**WHAT NEEDS TO BE DONE:** Everything from the line containing "Vögel im Rosa-lila-Garten" to the end of the listing, both included, should be returned exactly, apart from the pictures.

**SUPPLIED INFORMATION:**
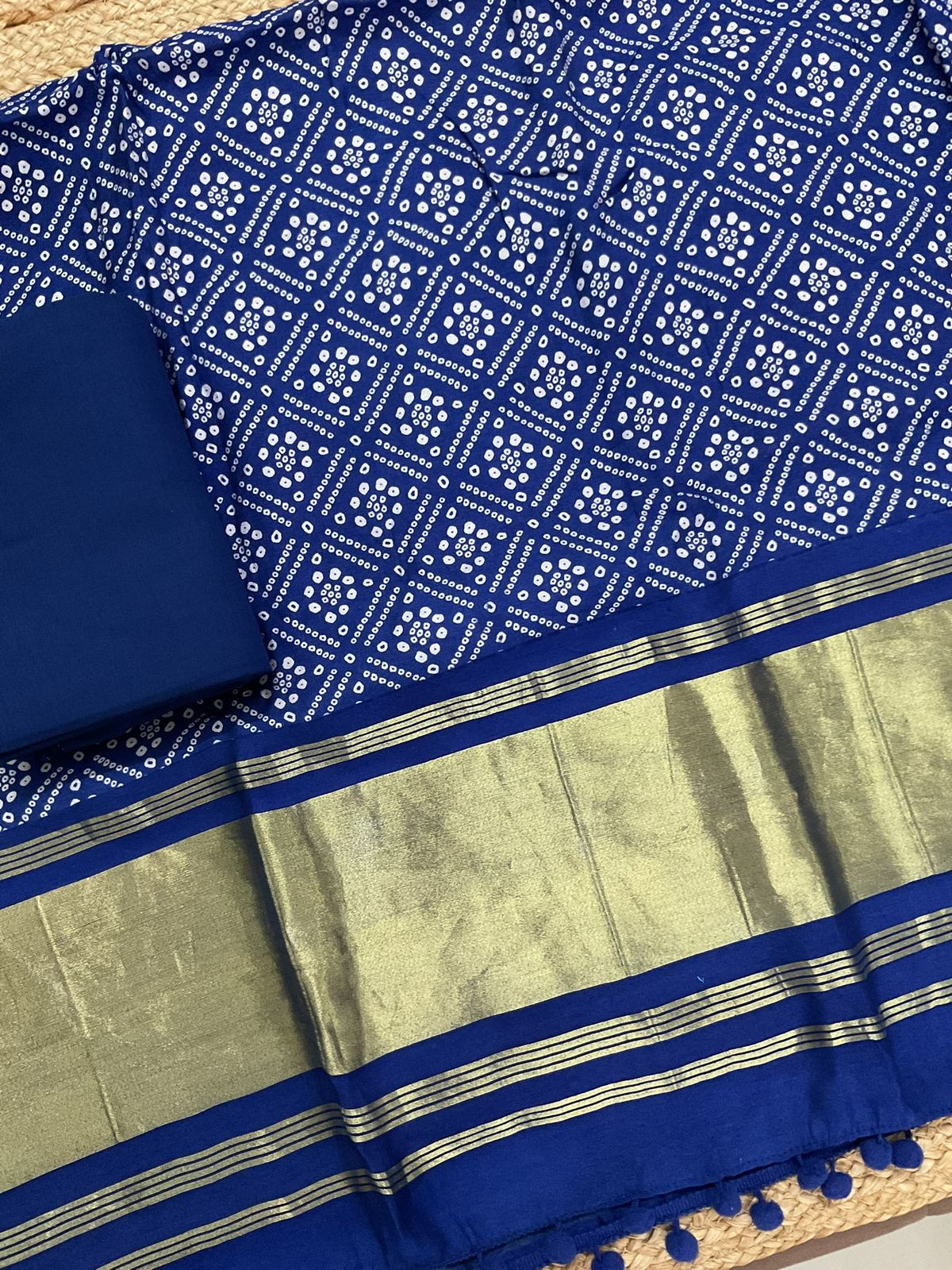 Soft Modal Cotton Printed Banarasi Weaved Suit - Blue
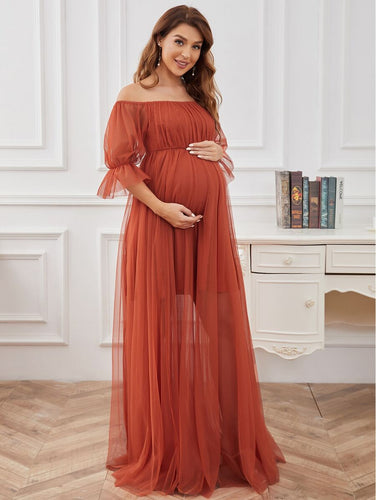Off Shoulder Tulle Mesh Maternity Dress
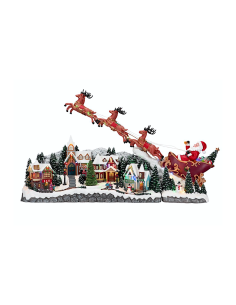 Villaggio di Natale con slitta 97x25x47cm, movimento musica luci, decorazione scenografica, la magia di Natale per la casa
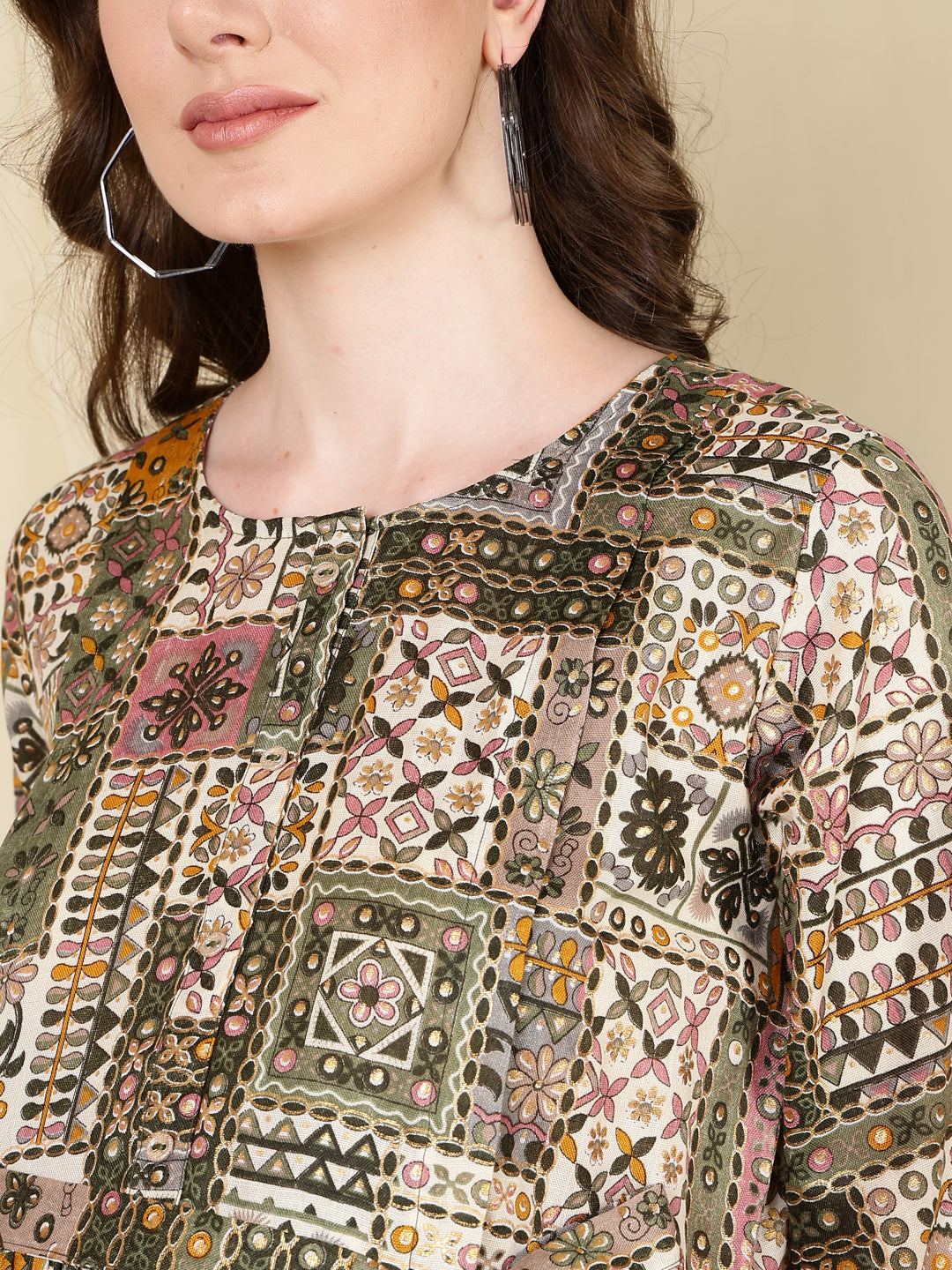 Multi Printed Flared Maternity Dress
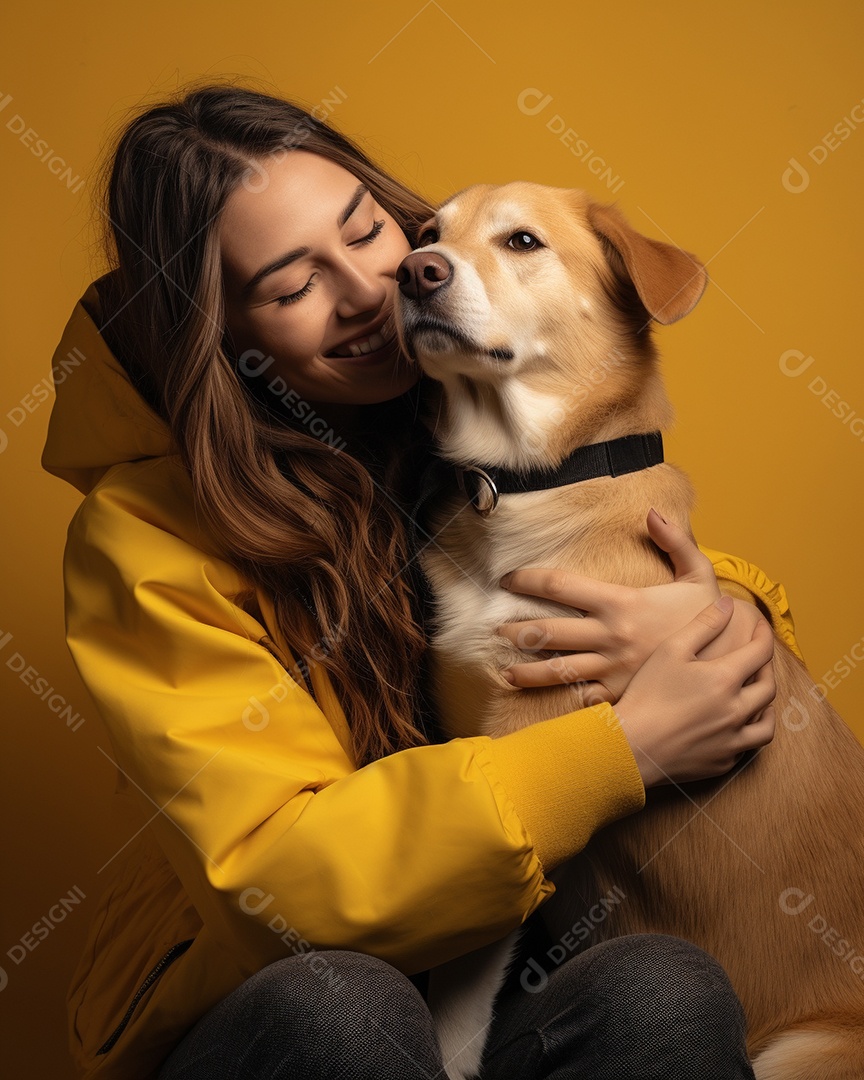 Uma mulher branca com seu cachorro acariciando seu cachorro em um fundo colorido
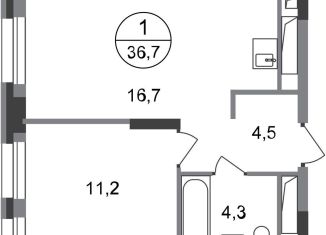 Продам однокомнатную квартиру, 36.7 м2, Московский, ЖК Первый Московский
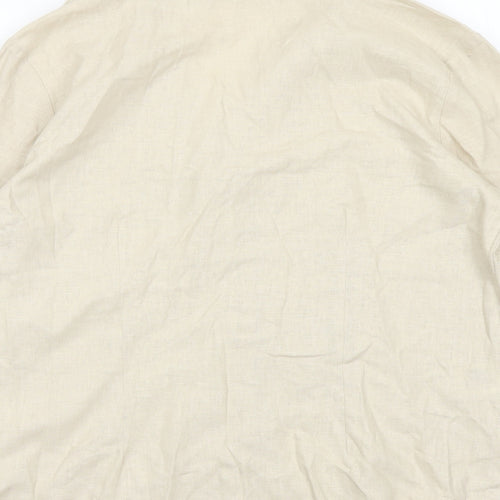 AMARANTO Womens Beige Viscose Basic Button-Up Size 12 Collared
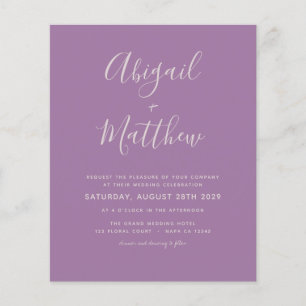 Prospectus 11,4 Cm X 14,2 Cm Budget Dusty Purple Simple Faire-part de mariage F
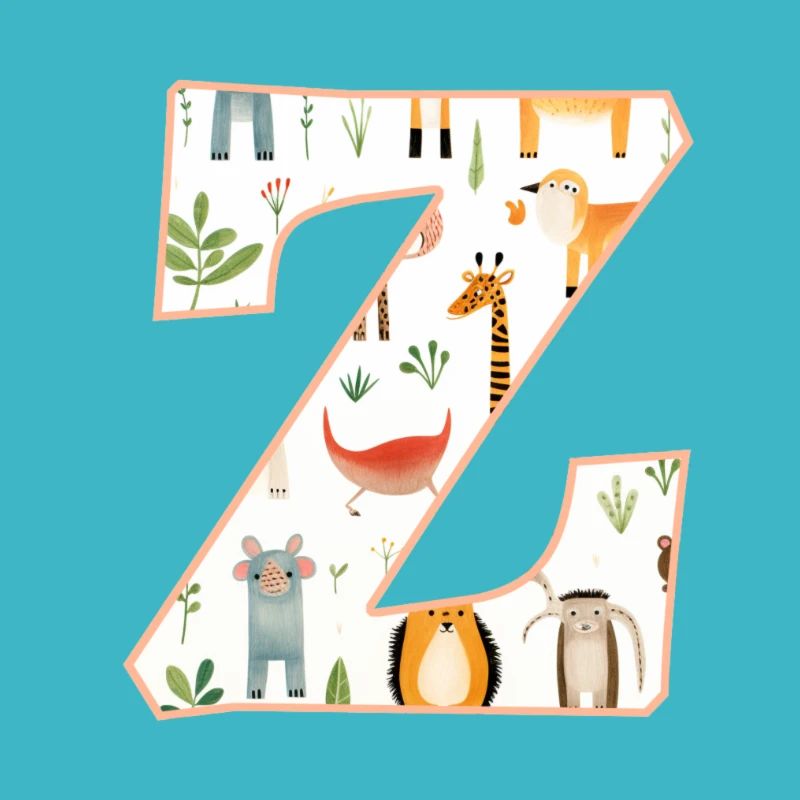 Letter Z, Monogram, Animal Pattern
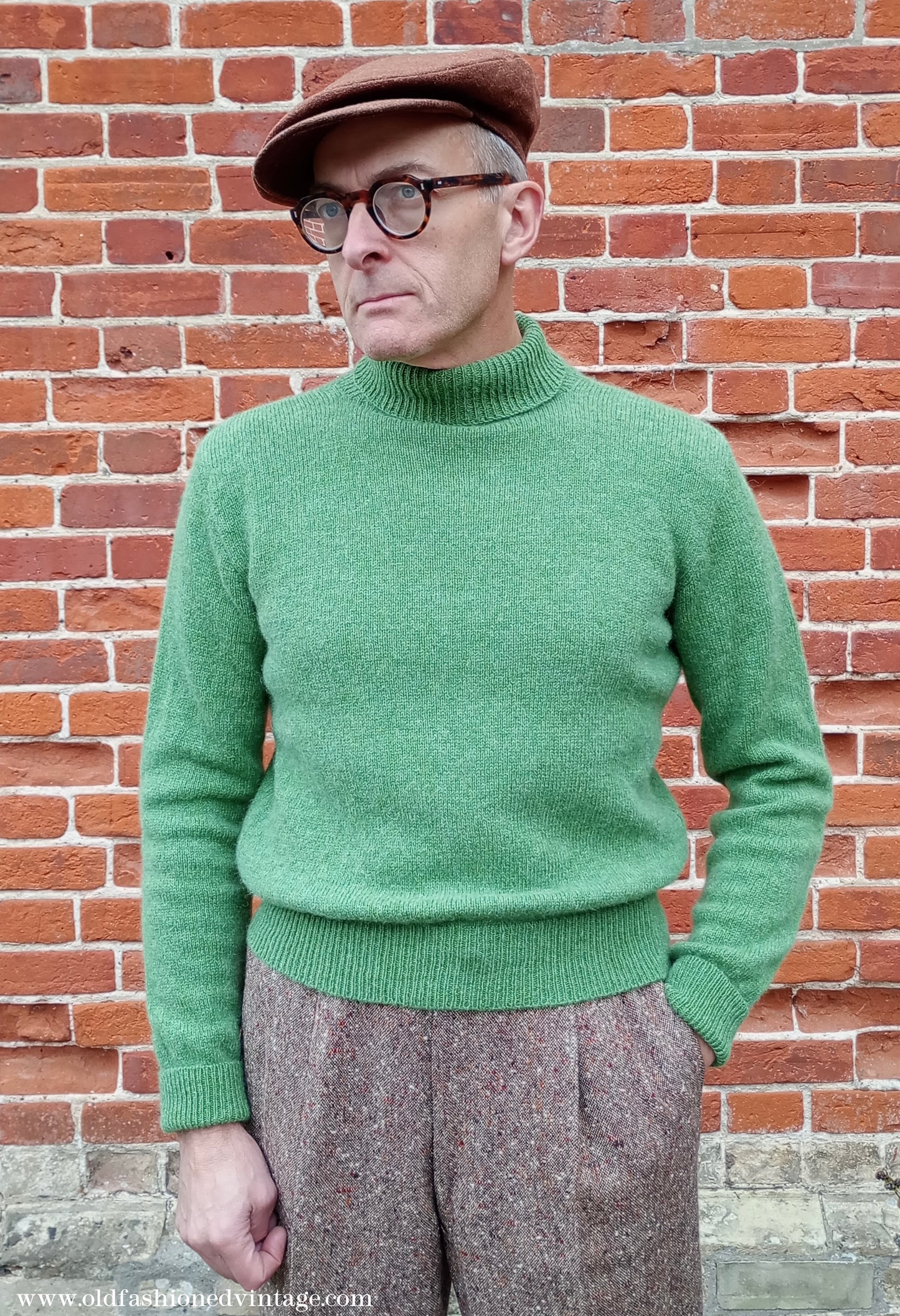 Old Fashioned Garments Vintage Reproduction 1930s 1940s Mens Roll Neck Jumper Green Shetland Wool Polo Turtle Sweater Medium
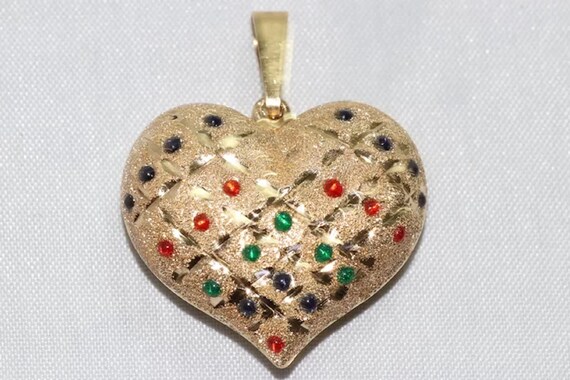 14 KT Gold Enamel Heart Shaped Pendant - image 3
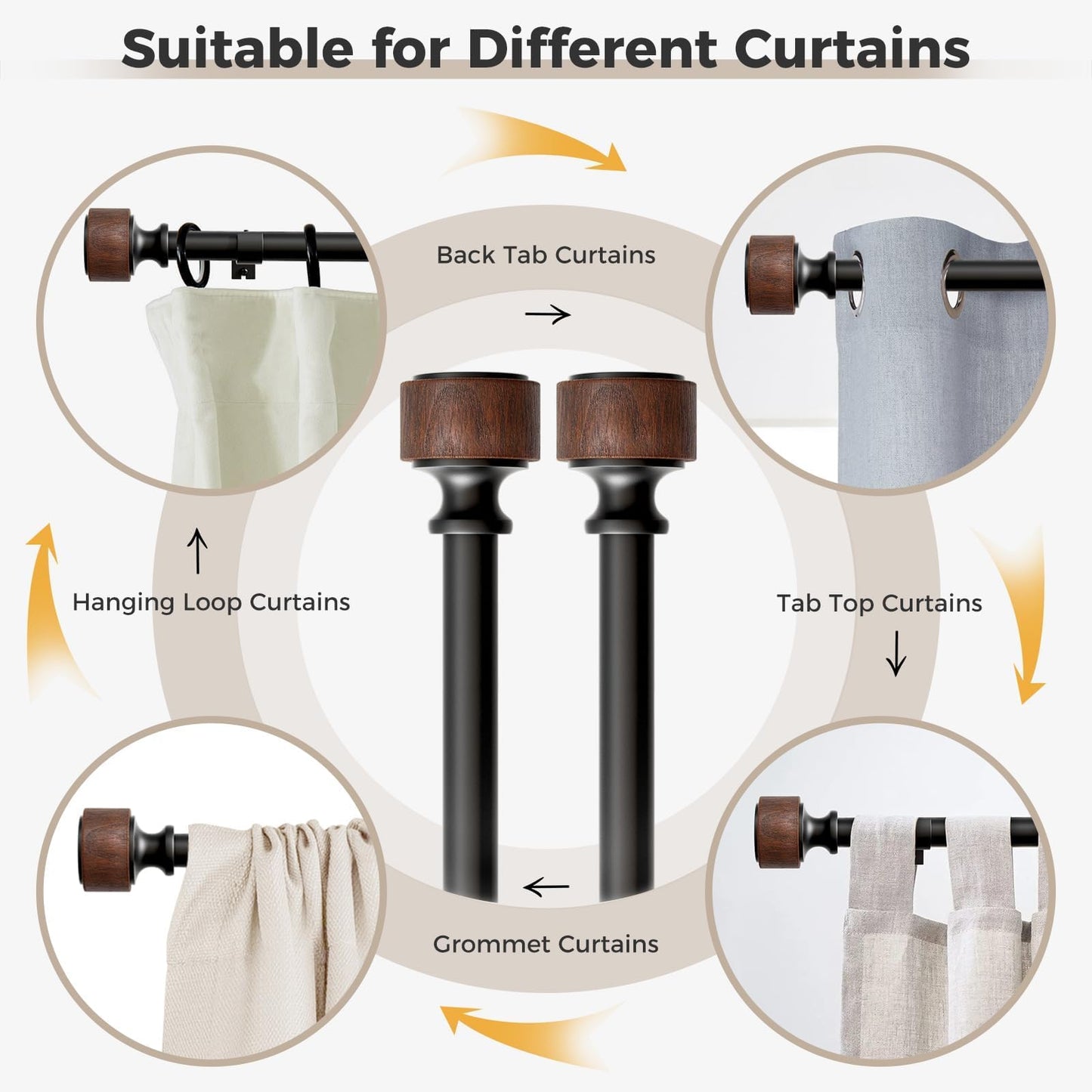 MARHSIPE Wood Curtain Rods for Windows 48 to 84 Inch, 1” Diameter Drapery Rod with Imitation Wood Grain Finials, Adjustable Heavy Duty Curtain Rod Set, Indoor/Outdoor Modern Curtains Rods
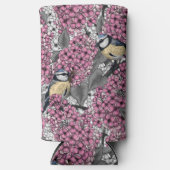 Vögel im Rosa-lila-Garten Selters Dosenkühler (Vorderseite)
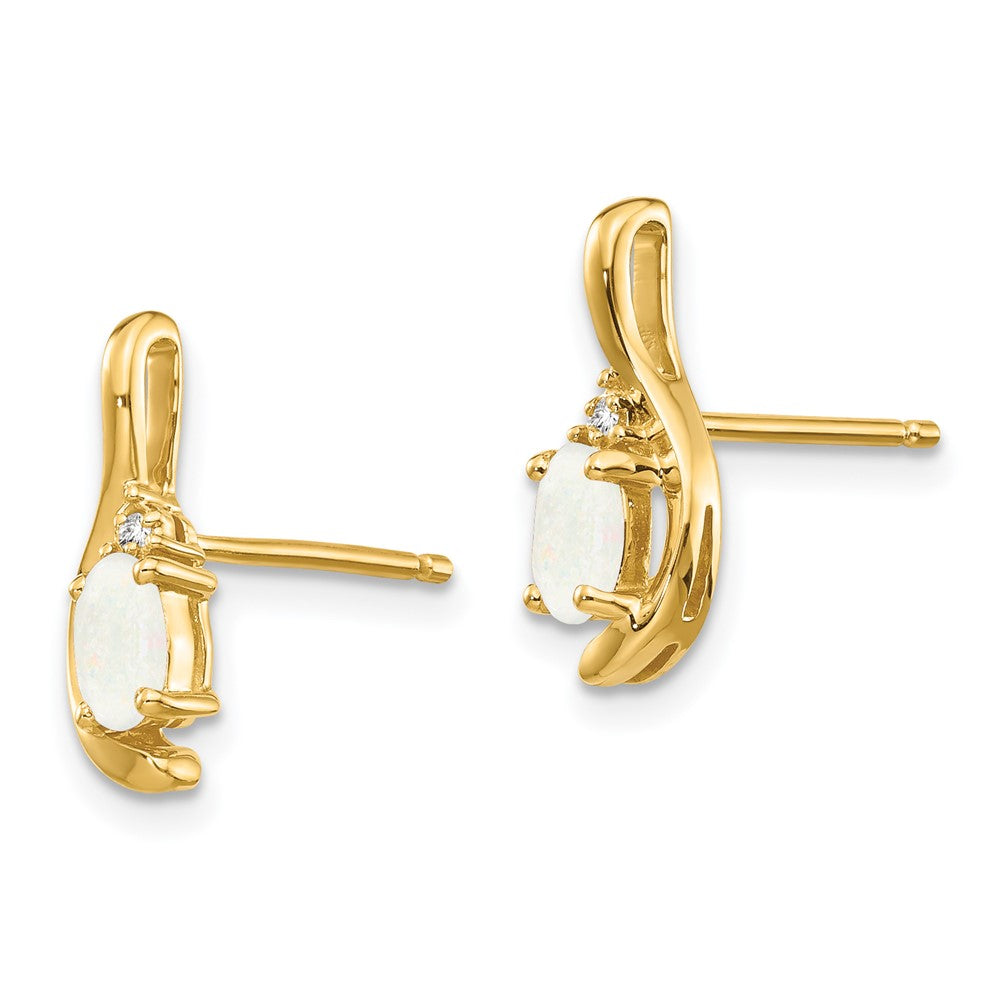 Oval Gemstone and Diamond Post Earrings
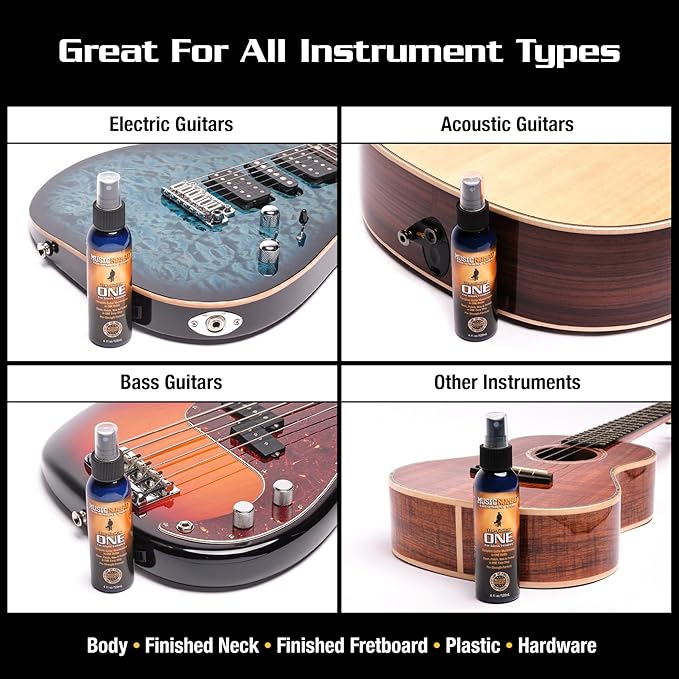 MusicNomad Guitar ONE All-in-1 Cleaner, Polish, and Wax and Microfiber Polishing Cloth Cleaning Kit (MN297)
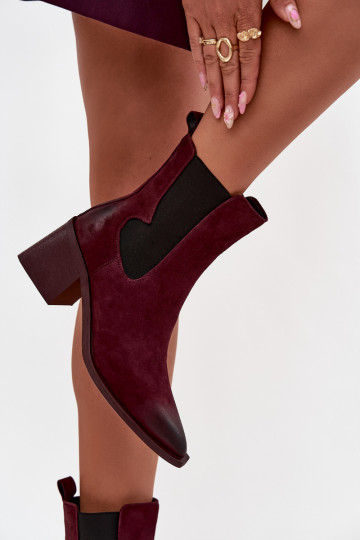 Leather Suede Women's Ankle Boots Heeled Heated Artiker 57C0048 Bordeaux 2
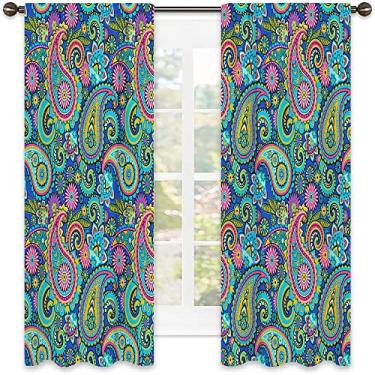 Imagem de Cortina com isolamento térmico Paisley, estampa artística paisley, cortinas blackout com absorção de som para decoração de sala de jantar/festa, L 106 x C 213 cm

**ANSWER SECTION:**
 Vögel im Rosa-lila-Garten Selters Dosenkühler (Vorderseite)
 Oval Gemstone and Diamond Post Earrings
 MusicNomad Guitar ONE All-in-1 Cleaner, Polish, and Wax and Microfiber Polishing Cloth Cleaning Kit (MN297)
 Leather Suede Women's Ankle Boots Heeled Heated Artiker 57C0048 Bordeaux 2
 Imagem de Cortina com isolamento térmico Paisley, estampa artística paisley, cortinas blackout com absorção de som para decoração de sala de jantar/festa, L 106 x C 213 cm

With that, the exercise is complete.